Movie Review

Perfect Understanding

Perfect Understanding Movie Poster

US Release Date: 02-24-1933

Directed by: Cyril Gardner

Starring

  • Gloria Swanson
  • Judy Rogers
  • Laurence Olivier
  • Nicholas Randall
  • John Halliday
  • Ivan Ronnson
  • Nigel Playfair
  • Lord Portleigh
  • Michael Farmer
  • George Drayton
  • Genevieve Tobin
  • Kitty Drayton
  • Charles Cullum
  • Sir John Fitzmaurice
  • Nora Swinburne
  • Lady Stephanie Fitzmaurice
  • O. B. Clarence
  • Dr. Graham
  • Mary Jerrold
  • Mrs.
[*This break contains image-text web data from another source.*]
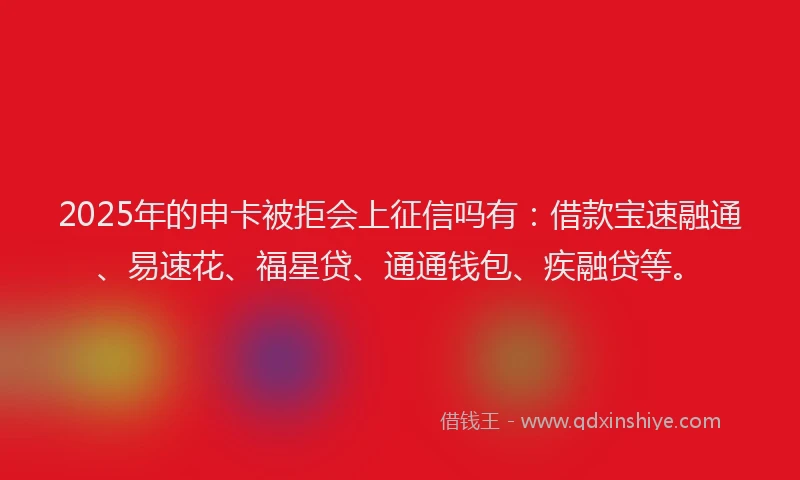 2025年的申卡被拒会上征信吗有：借款宝速融通、易速花、福星贷、通通钱包、疾融贷等。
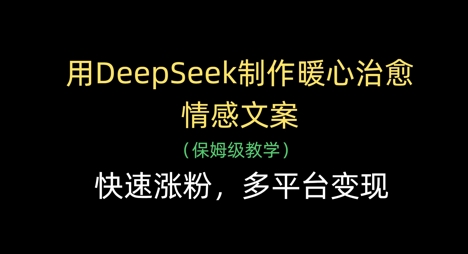 用DeepSeek制作暖心治愈情感文案,快速涨粉,多平台变现-烽云网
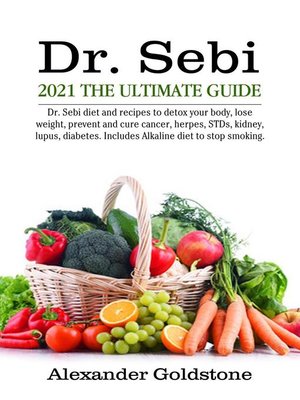 cover image of Dr. Sebi 2021 the Ultimate Guide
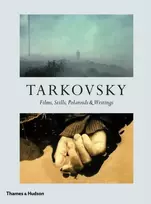 KNYGA Andrey A Tarkovsky Tarkovsky: Films, Stills, Polaroids & Writings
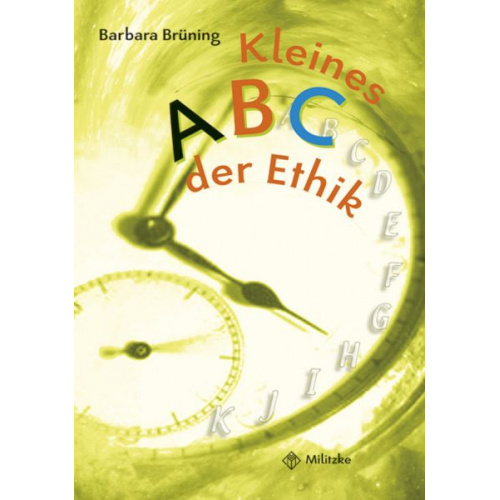 Barbara Brüning - Kl. ABC der Ethik Kl. 5/6 Lektüreheft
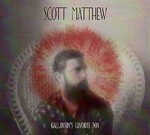 SCOTT MATTHEW, gallantry´s favorite son SCOTT MATTHEW, gallantry´s favorite son cover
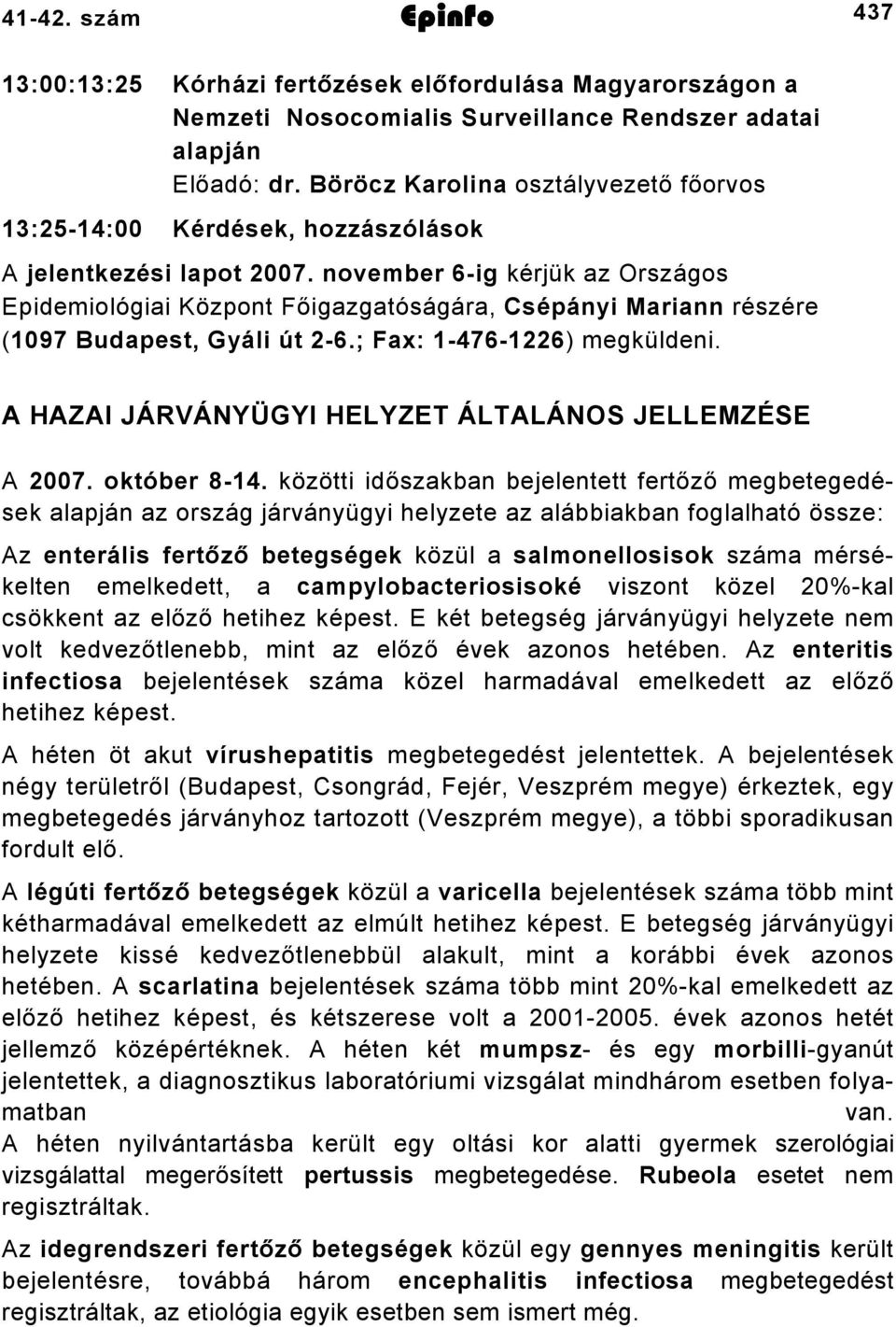 november 6-ig kérjük az Országos Epidemiológiai Központ Főigazgatóságára, Csépányi Mariann részére (1097 Budapest, Gyáli út 2-6.; Fax: 1-476-1226) megküldeni.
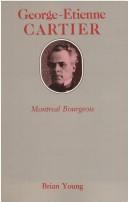 Cover of: George-Etienne Cartier: Montréal bourgeois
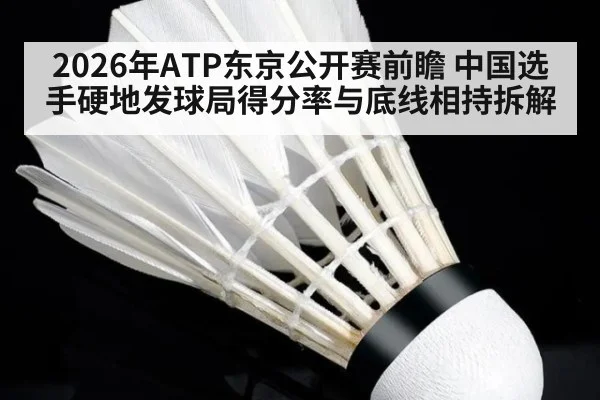 2026年ATP东京公开赛前瞻 中国选手硬地发球局得分率与底线相持拆解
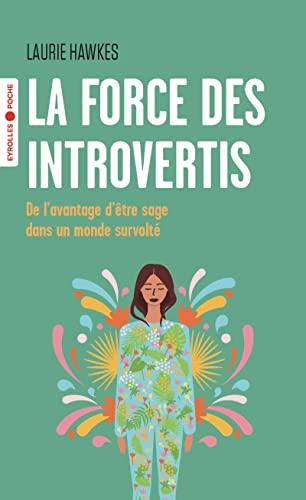 La force des introvertis : de l'avantage d'être sage dans un monde survolté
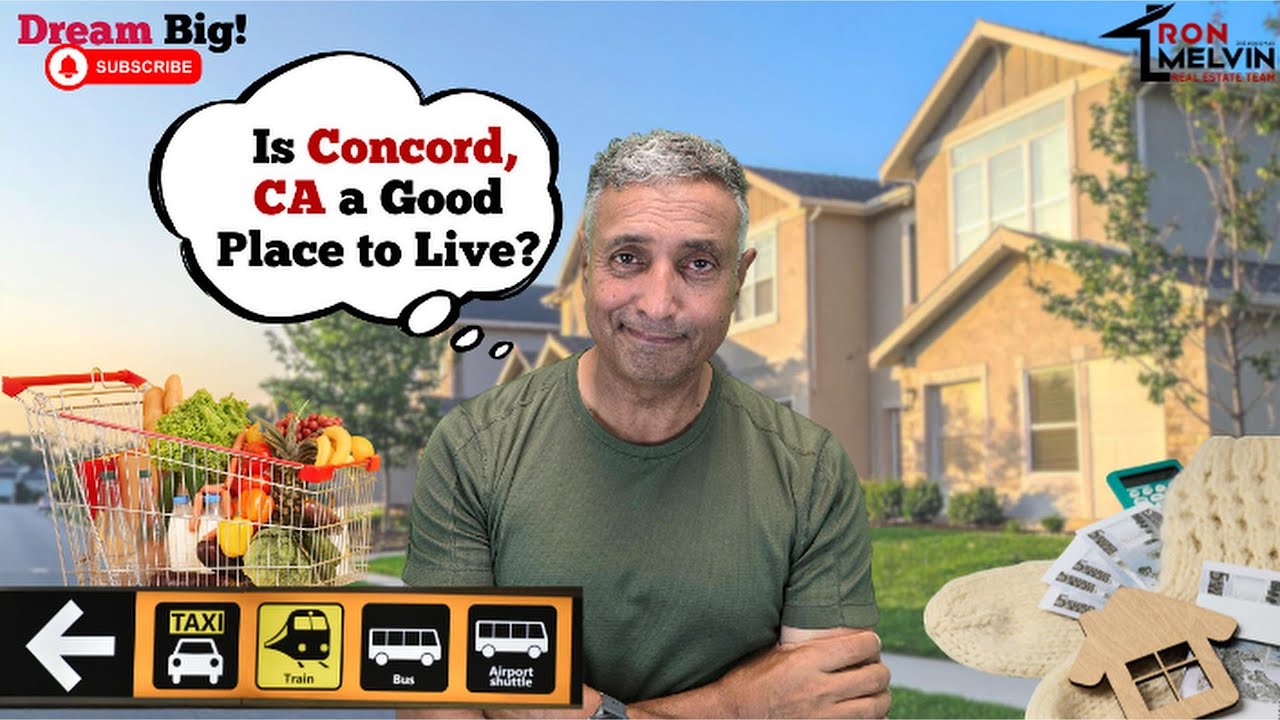 Is Concord, CA a Good Place to Live? | Concord Realtor Explains Lifestyle, Housing, and Community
Graham
  • Peter Gawthorne
  • Butler
  • Rosalinde Fuller
  • Cook
Reviewed on: April 26th, 2013
Gloria Swanson and Laurence Olivier have a Perfect Understanding.

Gloria Swanson and Laurence Olivier have a Perfect Understanding.

Perfect Understanding is a romantic comedy of manners starring Gloria Swanson and Laurence Olivier. They play a young couple in London (She's an American of course) who -after witnessing marital discord in their friends and servants- decide to marry but with the promise, "never to be husband and wife but lover and mistress". They begin an extended honeymoon across Europe but when Judy decides to return to London to set up their flat, Nick accepts an invitation from friends and proceeds on to Cannes without her. He has a fling with an old lover which threatens his marriage. As so often happened in these movies the climax takes place in a courtroom.

Gloria Swanson was 34 years old in the summer of 1932 when she made this movie and had been in the motion picture business since 1915.  Although she had made a somewhat successful transition to sound (even garnering an Oscar nomination for The Trespasser in 1930) her career was far from the giddy heights of the mid-1920s when she was the highest paid actress in Hollywood. Laurence Olivier was at the beginning of his long and distinguished career. He was just 25 and had been acting in films for only a few years. Perfect Understanding was his seventh movie appearance. Although he looks a bit young for his leading lady they do create decent chemistry together. Gloria Swanson was the only woman to star opposite both Rudolph Valentino and Laurence Olivier.

Gloria produced the movie herself and shot it in England at Ealing Studios. This production was fraught with problems, which Swanson described in her autobiography. Laurence Olivier was in an auto accident, and although uninjured, had to spend days in court. A bad case of the flu made half the cast sick and the lab where the film was being processed caught fire forcing them to ship the film to America at a much higher cost. Swanson ended up selling her United Artists stock to raise the cash needed to finish the picture.

It opened early in 1933 and failed to garner much attention from either critics or audiences. This was during the depths of the Great Depression and the newly inaugurated FDR had just ordered the closing of the national banks. As Swanson wrote in her book, “Americans were consequently in no mood to see a bunch of high-born Britishers engage in well-spoken domestic squabbles in the courts and on the French Riviera.”

Perfect Understanding isn't a great movie by any means. But it isn't terrible either. Swanson sings one song but it is in her non-talking moments where her star power really shines through. Her two greatest assets as a star were her ability to wear clothes and her unmistakably dramatic face.

Nobody wore clothes like Gloria Swanson. She knew just how to stand, walk and move about in fancy gowns. In one memorable scene she dons an Elizabethan era dress she finds in an old chest at her husband's estate. In the scene where Nick confesses his infidelity to her, Swanson demonstrates exactly what Norma Desmond meant by, “We had faces then!” She gives one of the most intense close-ups I've ever seen, with her large expressive eyes and striking profile in full effect.

The script (co-written by Michael Powell) is pretty predictable even though the cast is solid. The charmingly urbane John Halliday is particularly good as Olivier's rival for Swanson's affections. The only miscast role belongs to Michael Farmer. He was married to Swanson at the time (her fourth of six husbands). Here's what she wrote in Swanson On Swanson, “I knew that Michael would probably be stiff and amateurish in the small role he had to play, but I was prepared to work with him and I counted on the fact that fans would be curious to see my husband in a film with me.” (That could be Norma Desmond talking).  At any rate this was Farmer's one and only feature film.

As a comedy Perfect Understanding falls flat and there are too many montage scenes of Europe that look like a tourist advertisement. Still this picture is worth seeing for the one and only screen collaboration of Gloria Swanson and Laurence Olivier.